# What could these mysterious hoses be sticking out of the ground?



## thinksincode (Nov 26, 2011)

I have been digging out forsythia roots all weekend, and while pulling out one I came across a plastic corrugated hose in the ground. I dug around until the whole thing pulled out.

While exploring nearby, I also came across a smooth black hose sticking out of the ground.

I have lived here almost a year and have never come across these (they were hidden in the thick forsythia bushes).

Any ideas what they could be??


----------



## allthumbsdiy (Jul 15, 2012)

I wonder if that could be used for a sump pump drain or something like that?

Can you zoom out and take a picture of the house in relation to your pipe that is sticking out from the ground?


----------



## thinksincode (Nov 26, 2011)

There is a sump pump, but it's on the opposite corner of the house.
Here is a wider angle picture per your request:


----------



## Canarywood1 (May 5, 2012)

Maybe a rube goldberg irrigation system of the previous owner.


----------



## r.mills (Jan 11, 2012)

That is sump hose. Maybee sump was relocated at some point. I know lots of people who bury sump discharge lines. Although I wouldn't use a hose I would run heat taped abs if you have freezing winters.

I can almost guarantee that was a sump discharge. I just bought that exact hose for my sump pump for a drainage issue in my back yard.


----------



## wnewman (Jul 20, 2012)

*Hoses*

Whatever they are, as long as they are both coming 'out' of the ground and they are both open-ended, they are no longer used for anything. The easiest thing to do would be to cut them off a little under ground level and forget about them.

Another though would be to stick your garden hose in each one and see if you can find the water running out somewhere around your property.

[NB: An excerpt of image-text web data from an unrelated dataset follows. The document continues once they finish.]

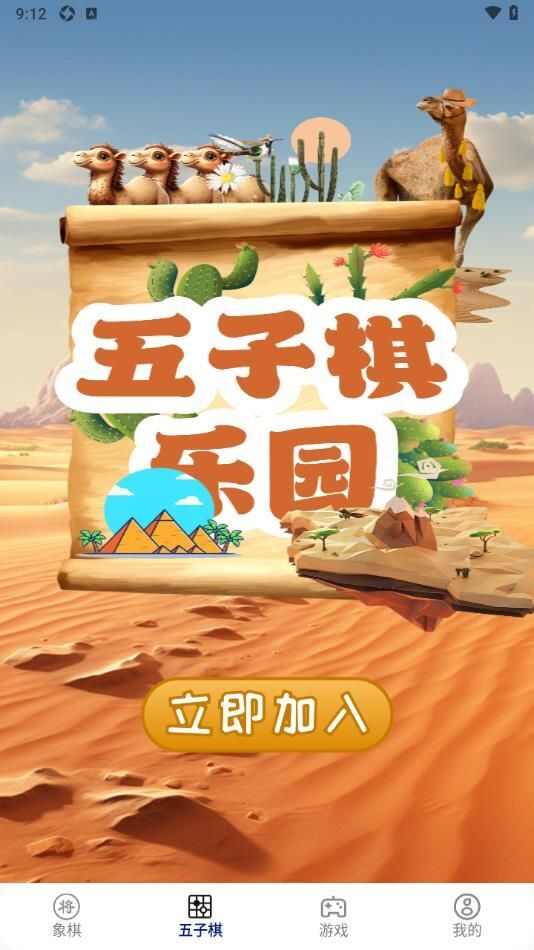 九游游戏盒下载安装app最新版图2:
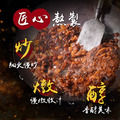 【每週限搶】香雞城肉燥 200g-5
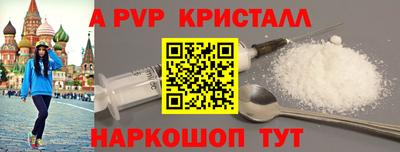 гашиш Обь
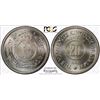 Image 1 : Jordan 1964 20 Fils PCGS SPECIMEN SP67 *ONLY 3 GRADED*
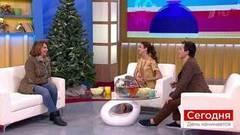Сегодня 23 января. День начинается. Выпуск от 23.01.2019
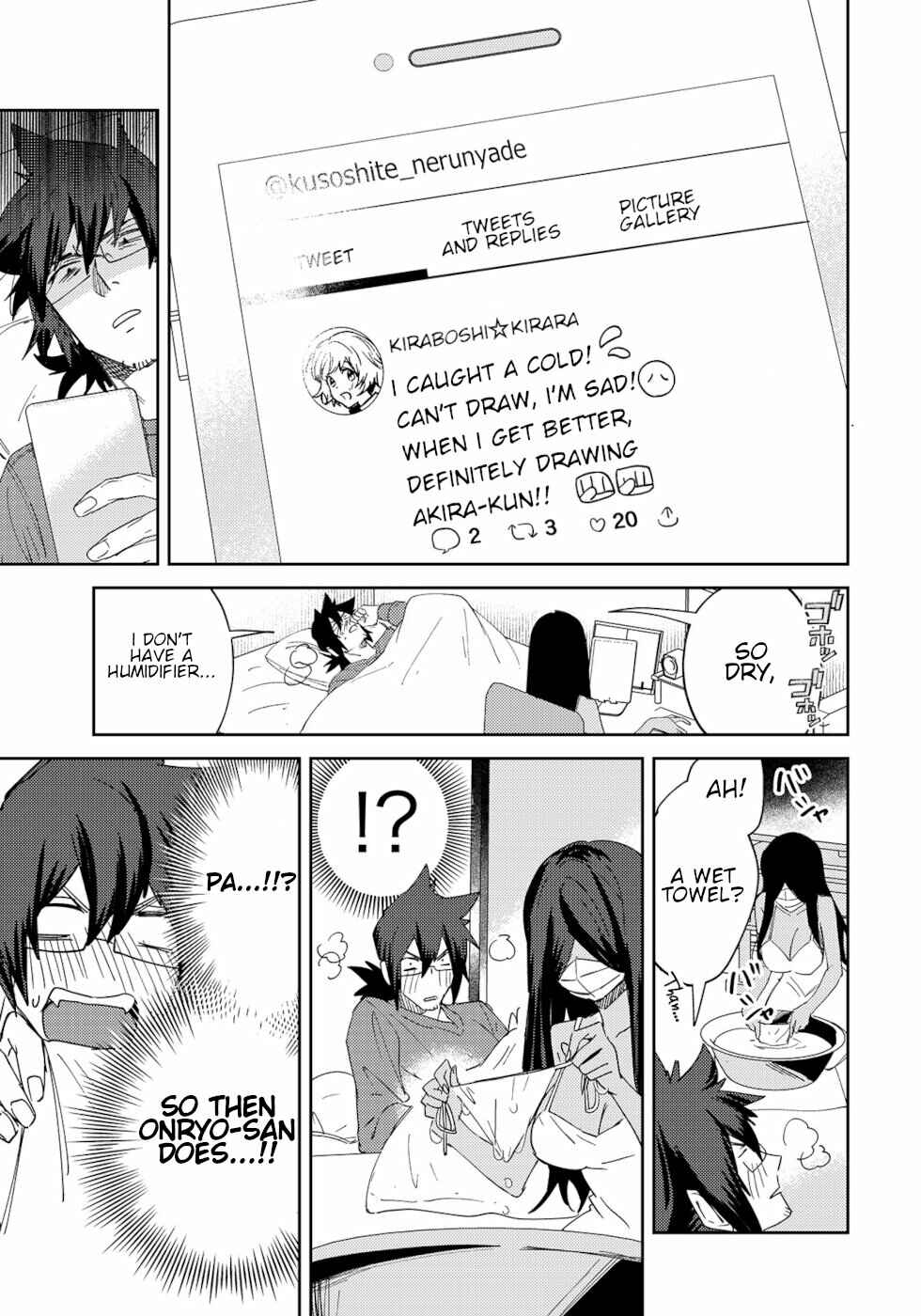 Page 3 Chapter 25 Urenai Mangaka to Sewayaki no Onryou-san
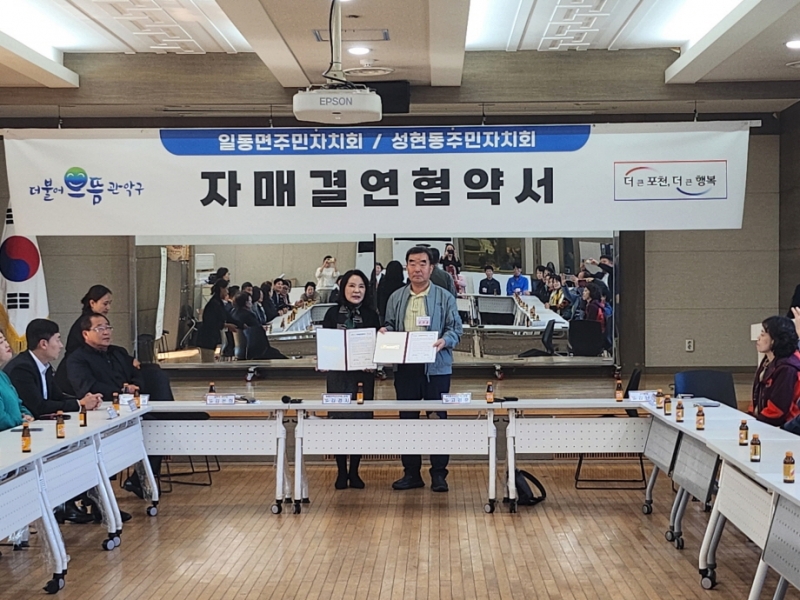 포천시 일동면, 관악구 성현동 주민자치회와 자매결연 협약 체결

That would show you that they are drain hoses and drain somewhere. Then you know for sure what they are.

A corrogated hose is almost always a drain, I gree with others that it's probably from an old sump, or possibly a separate drain for something. I bought a house years ago where the people hooked up their washing machine discharge water to the same type of hose, and drained it along the ground into the adjacent farmer's field. Completly wrong, but that's what they did. If you ever have wet basement probelms, it could be a secondary drain hose that was only used as a second system to the sump pump on very rainy days. It would make sense they would cut it and hide it before you bought the house. They wouldn't want you to know about it.

The smooth black hose could be anything but usually smooth hoses like that are used to draw water, not drain it.

Who knows? Like I said, if you really want to know where they go, fill them with the garden hose, wait a while, and walk around and look.


----------



## wnewman (Jul 20, 2012)

*Drain*

Looking at the larger photo one more time, it looks like the house is up higher than the street and the hose is pointed in the perfect direction to be going down to the street.

I'll bet that's what it is, either the original drain for basement water, or a secondary drain for when the first sump pump can't keep up and he didn't want you to see it, so he cut it.

Do you think you've got water problems in the basement?


----------



## haganjp (Sep 26, 2012)

The corrugated hose is known as "bilge pump hose", usually found in boating supply stores.


----------



## Canarywood1 (May 5, 2012)

haganjp said:


> The corrugated hose is known as "bilge pump hose", usually found in boating supply stores.


 

And some people will use anything close at hand to either draw water or discharge water,so heaven only knows what it was intended for.


----------